L’empire du foot

Le mois du foot, c’est en quelque sorte le moi du fou. La terre va tourner comme un ballon rond dans un monde rectangulaire : un terrain de foot vu à travers un écran de télé. La Coupe du monde est le plus grand événement qui met en contact les habitants de la terre, au-delà des fuseaux horaires, des langues, des régimes politiques, des religions et de toutes autres particularités. Cette communion planétaire, qui rassemble des milliards de téléspectateurs, est certainement aujourd’hui un événement unique dans le monde du spectacle. Mais est-ce encore un spectacle comme les autres lorsqu’on sait les enjeux divergents de tout ordre qui l’animent, mais aussi les comportements uniformisés qu’il impose. On doit adopter une vision forcément holistique pour tenter une approche anthropologique du phénomène. C’est à cette approche globale que certains chercheurs s’essaient depuis quelques années. On leur souhaite du courage, et grand bien leur fasse. Mais le foot le vaut bien.

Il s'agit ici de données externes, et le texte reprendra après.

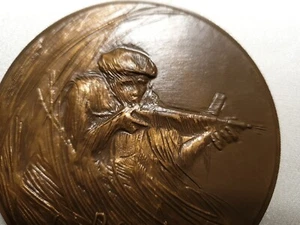 1984 1944 d day 40Y bronze 76mm french medal resistance by santucci ww2 - Picture 1 of 3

Il vaut même davantage, quand il n’est pas carrément hors de prix comme c’est le cas depuis quelques années. En fait, depuis que la télévision s’est développée et que le parc des téléviseurs s’est élargi ou, disons, «démocratisé». C’est fou ce que certaines choses deviennent inaccessibles au fur et à mesure que d’autres se démocratisent. L’exemple des retransmissions des compétitions de foot en est la triste et déplorable illustration. Imaginez que les pays d’une région aussi pauvre que l’Afrique, qui ont bataillé depuis des années pour avoir plus de représentants de leur groupe au Mondial, ne peuvent offrir le spectacle de leurs équipes à leurs populations. Ils seront probablement obligés de passer par le «foot humanitaire», le gavage par la pub via le sponsoring, ou alors une espèce de «commerce équitable» footballistique. L’aumône quoi !

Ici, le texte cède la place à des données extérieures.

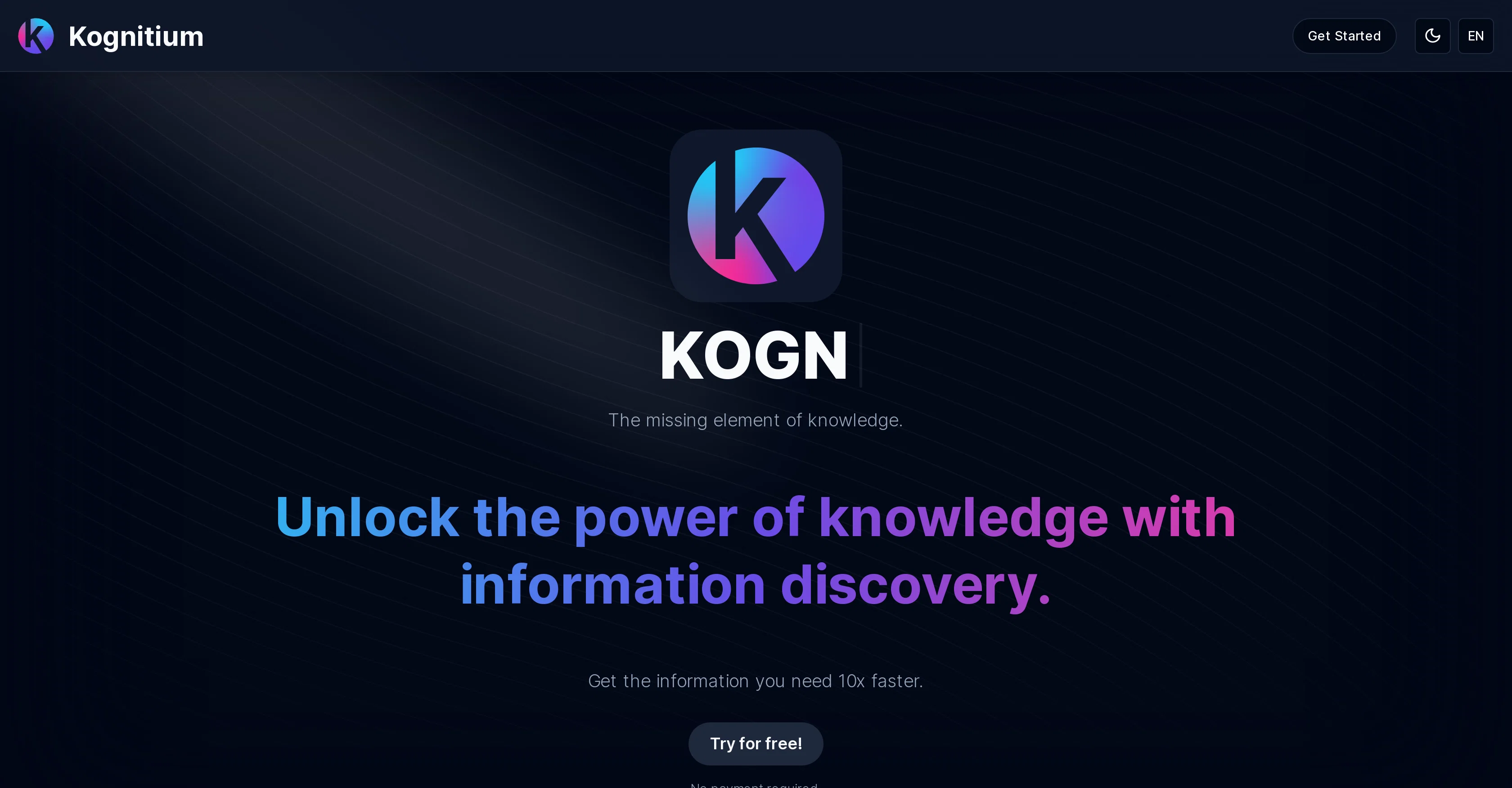 Kognitium screenshot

Les pays du Maghreb, à la fois africains et par ailleurs faisant partie du monde arabe, sont doublement pénalisés. En effet, un magnat saoudien de la télé, qui égrène son chapelet en comptant son fric et les chaînes de ses bouquets, a fait main basse sur les droits cryptés de retransmission des rencontres du Mondial du Golfe à l’Atlantique. L’omnipotence de l’argent-roi n’a pas de limites et l’indécence qui en découle non plus ! L’union arabe par le décodeur aura la même fortune que celle que l’on a testée par la voie politique. Tout au plus, ces chaînes rempliront les cafés de la rue arabe, qui en a vu d’autres.

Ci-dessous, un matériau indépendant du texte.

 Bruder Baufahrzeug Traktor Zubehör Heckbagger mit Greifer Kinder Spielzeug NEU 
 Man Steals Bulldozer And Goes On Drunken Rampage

On ne peut que déplorer le dévoiement d’un sport-spectacle qui a fait rêver plusieurs générations et continue encore de le faire. Mais il est certain que c’est précisément cette dimension populaire et fantasmagorique que les marketeurs ont su exploiter, avec la bénédiction de la FIFA, l’association la plus puissante et la plus riche au monde. Cependant, jusqu’à quand saura-t-on sauvegarder au football sa magie, sa générosité et, comme dirait Camus, sa morale ? On peut craindre, à la longue et au vu de l’escalade des droits de retransmission, des magouilles, du dopage, de la triche dans les matches «vendus» aux bookmakers, des coûts de transfert de joueurs et de bien d’autres incuries, on peut craindre donc un emballement de la machine à faire du fric dont la conséquence pourrait être une implosion du rêve.

Dans les pays pauvres, sauf à vider le foot de sa dimension populaire – qui lui est consubstantielle – pour en faire un jeu de l’élite, il est difficile de lui appliquer le «pay per view» (payer pour voir) des nantis. Et c’est méconnaître le dépit et le génie populaire que de croire – comme c’est le cas de ceux qui verrouillent les images comme d’autres verrouillent les frontières – que les gens de peu ne vont pas tout essayer et tout bidouiller pour suivre leur Mondial. Ils ont depuis longtemps élevé le foot au rang de morale. Mais à propos de morale, que fait la FIFA dans tout ça ? On ne l’entend pas beaucoup déblatérer sur la question lorsque de grands groupes de télévision délimitent les contours de leur empire et plantent des tessons de bouteille sur les murailles. S’ils consomment un peu de Chateaubriand (l’écrivain, pas le steak), on leur livre gratos et sans droits cette citation : « C’est en vain que Néron prospère, Tacite est déjà né dans l’Empire, alors paraît l’historien chargé de la vengeance des peuples.»